12- Para la labor de anuncio explícito, a través de los M.C.S., la Iglesia entra en diálogo con los hombres, comunicando la presencia salvadora de Cristo, que da sentido último y trascendente a la Historia. Es la entrega de interioridad -su anuncio -que invita a la acogida y comunión. Es el llamado a la conversión.


V.- LA RADIO

13- a) Por las características de la Radiodifusión, la labor de la Radio, debe dar especial importancia tanto a la “voz”, que expresa e identifica a cada persona, como a su “percepción” por los receptores, de modo que el proceso “voz-percepción” ayude a la humanización de quienes participan en dicho proceso.

b) Todas las técnicas del sonido y programación han de ser empleadas al servicio de la tarea humanizadora y evangelizadora que debe desarrollar la Radio. Toda la labor de la Radio ha de quedar orientada según ese sentido.

14- Aunque toda la acción de la Radio debe mantenerse dentro de una dimensión de educación liberadora y evangelizadora, no obstante, podrá aspirarse a una acción radio-educativa que sea reconocida como contribución a la función educadora del Estado.

15- Ha de darse mucha importancia a la labor de entretención radial de modo que, no so¬lo distraiga y relaje, sino que cultive los buenos sentimientos, eduque la imaginación y la fantasía, proponga modelos de afecto, de relaciones familiares, de pareja y de vida social.

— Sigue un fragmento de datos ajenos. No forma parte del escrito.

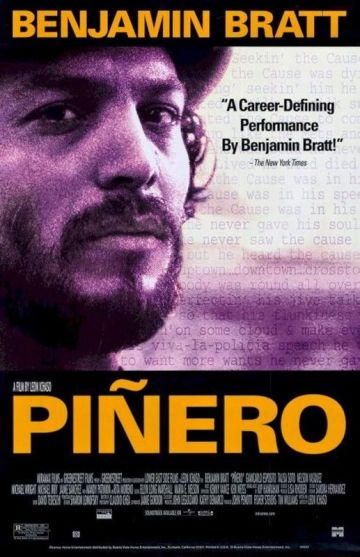 PINERO
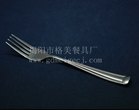 汕头峡山专业生产十二生肖勺厂家 在格美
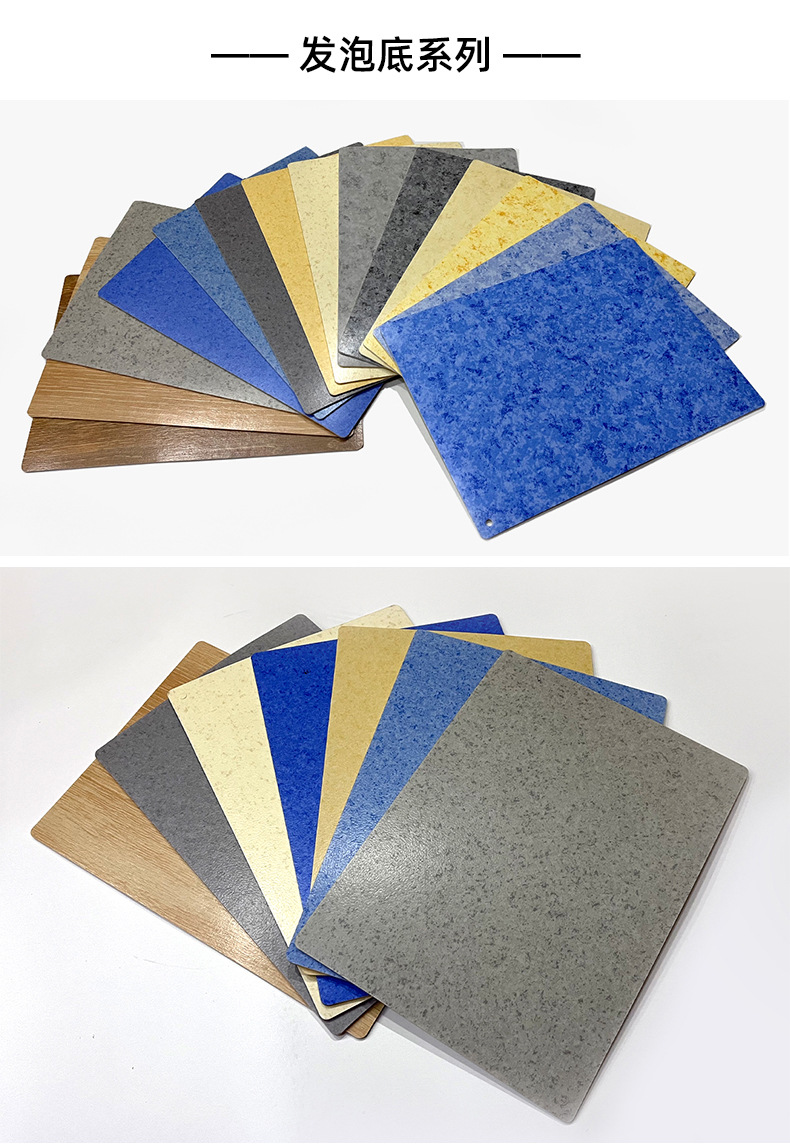 O1CN012Mdg8m2FwrcmvsbJM_!!2207998128945-0-cib.jpg?__r__=1677053272193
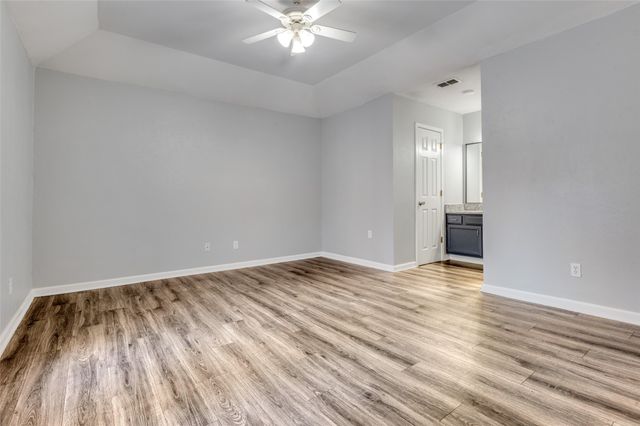 6314 Brookgate Drive, Arlington, TX 76016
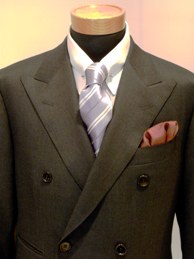 「岩手のスーツ」ください! ~これから“初体験”~ 編_c0177259_1830880.jpg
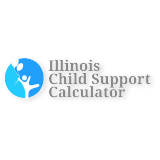 Illinois Child Support Calculator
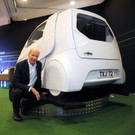 Piauto3.jpg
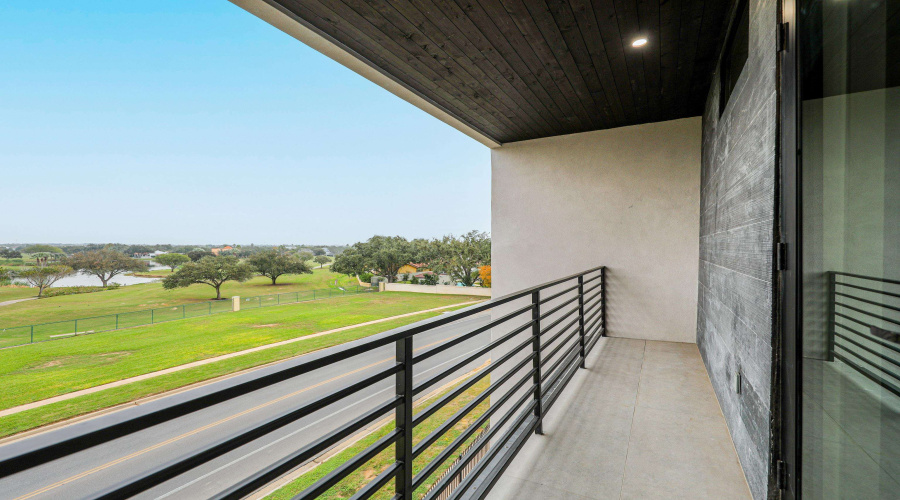 8120 Stillmeadow Ct, Laredo, Texas 78045, 4 Bedrooms Bedrooms, 8 Rooms Rooms,5 BathroomsBathrooms,Residential,For Rent,8120 Stillmeadow Ct,20261379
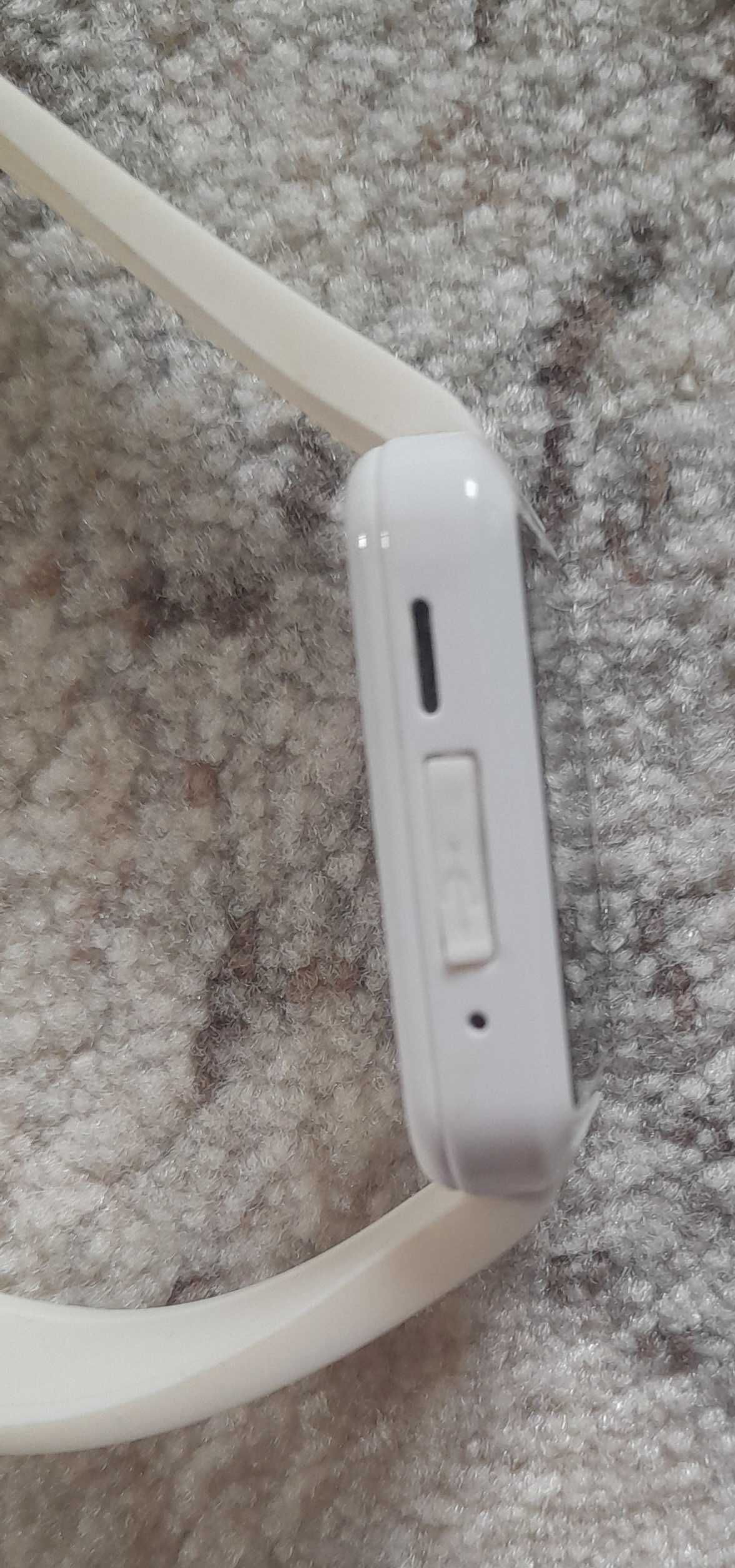 Смарт годинник Pandaoo Quality life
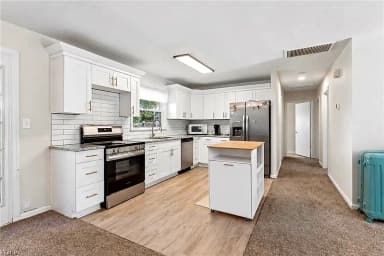 416 Lucas Creek RD, NEWPORT NEWS VA 23602 thumb 10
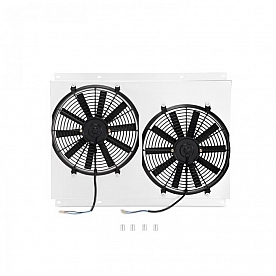 Mishimoto Cooling Fan MMFSCK78K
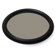 Urth CPL Filter: Picture 4 thumbnail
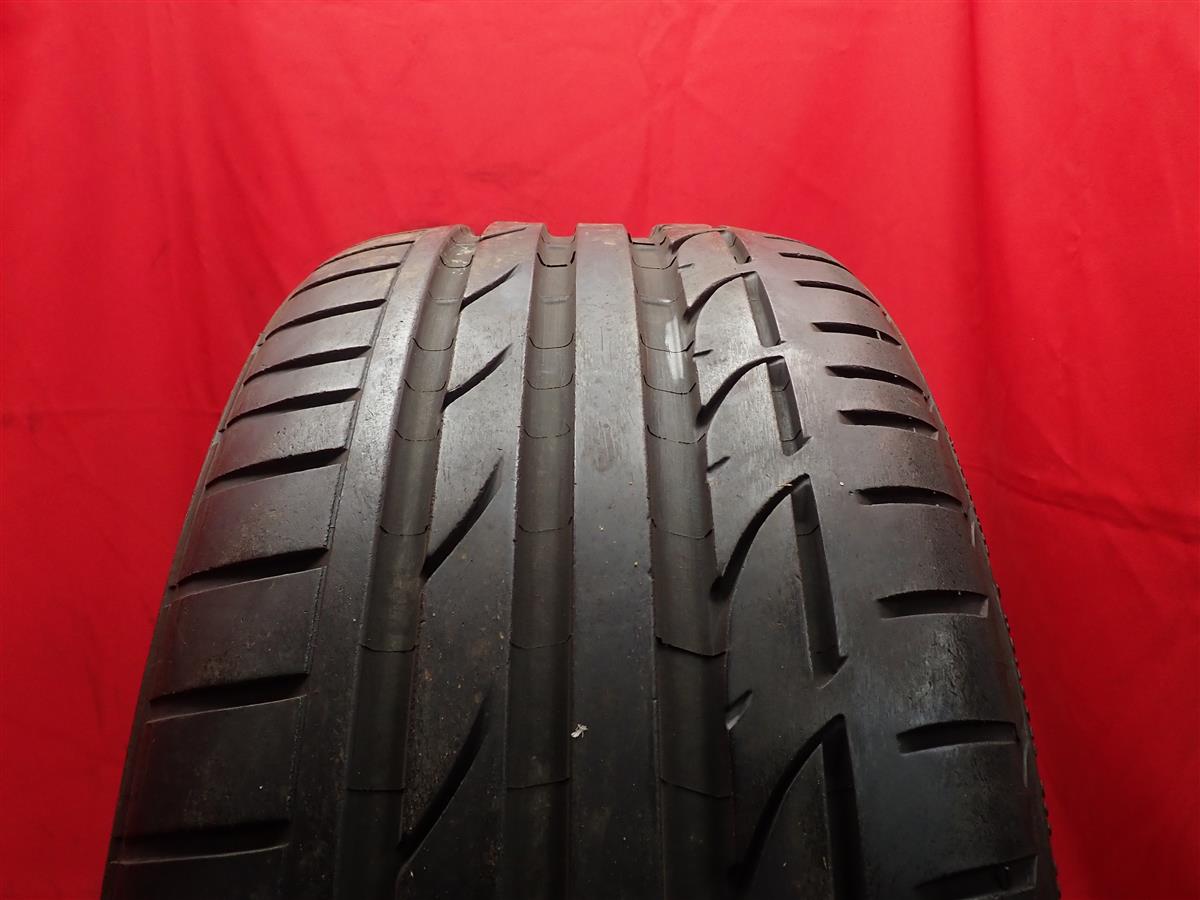 ブリヂストン ポテンザ S001 BRIDGESTONE POTENZA S001 235/35R19 91Y 911 911 GT3/GT2 911 カレラ 911 カレラ4 911 ターボ 911 ターボS 911 タルガ4 A6 アバント C F430 R8 R8 スパイダー RS3 エヴォーラ ガヤルド クーペ グランスポーツ スパイダー シロッコ ボクスターS｜中古タイヤ・ホイールの太平タイヤ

Se han de buscar maneras de potenciar este cultivo y de hacer conciencia, de los estereotipos transmitidos.

16- En cuanto al financiamiento de la radio y, particularmente, de la programación radio-educativa y explícitamente evangelizadora, se deben ensayar y proponer nuevas modalidades de participación o aporte de la comunidad o de instituciones privadas o públicas, e incluso de subvención fiscal en los casos de llegar a alguna programación reconocida como contribución a la labor estatal (salud, educación, etc.).